In our test, we start with an Ubuntu container and then run a single command in a shell. In a traditional scenario, we need to download the entire Ubuntu image, which is about 300MB. However, when we use the CernVM-FS provisioner, we only download what is actually needed by the task—in this case it is just under 6MB.
Because CernVM-FS uses content addressable storage, we never need to download the same file twice. So if we go ahead and start another container (let's say a CentOS image) that runs a different command, we will only need to download the files required by the new command and we will reuse all the common dependencies (Bash or libc.so, for example) that we have downloaded previously with the Ubuntu image. In this model, there is no notion of a container layer anymore; deduplication is happening at a much finer level.

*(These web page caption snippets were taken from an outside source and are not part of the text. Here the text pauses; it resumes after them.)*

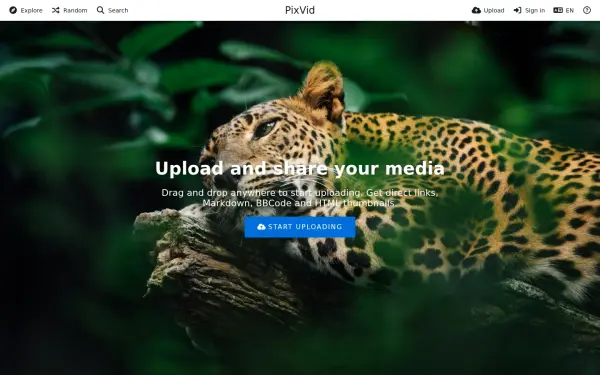 pixvid.org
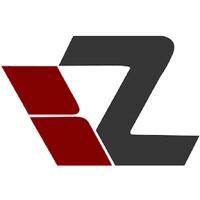 BelZinc logo - Similar company to Queens Guard Protective Services
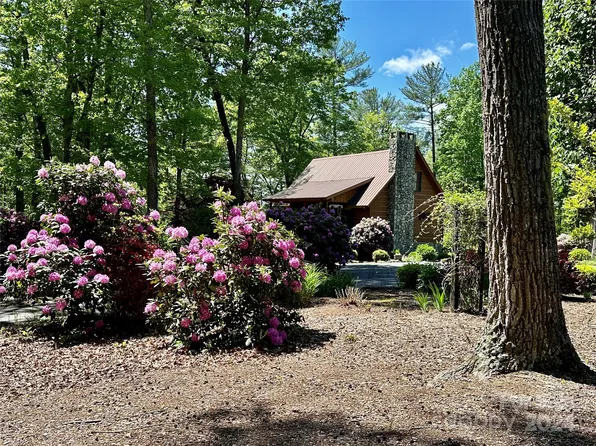 4570 Boyd Moore Ave, Morganton, NC 28655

We are also planning on adding support to the provisioner for mounting arbitrary CernVM-FS catalogs using corresponding checksums. This will make it really easy for developers to iterate quickly when working on container images and it will also make it easy for operators to switch between various container image versions.
Just in time for the container deluge
The teams at CERN and Mesosphere are very excited about what the integration of CernVM-FS and Apache Mesos could mean for the broader IT community as application containers become commonplace. If companies and institutions are going to fundamentally improve the way they architect applications, deploy code and operate datacenters, they'll need to launch, kill, update and otherwise manage containers at a scale far great than most are doing today. A tight integration between CernVM-FS and Mesos can go along way toward ensuring that storage capacity and network bandwidth don't become bottlenecks along the path toward mass containerization.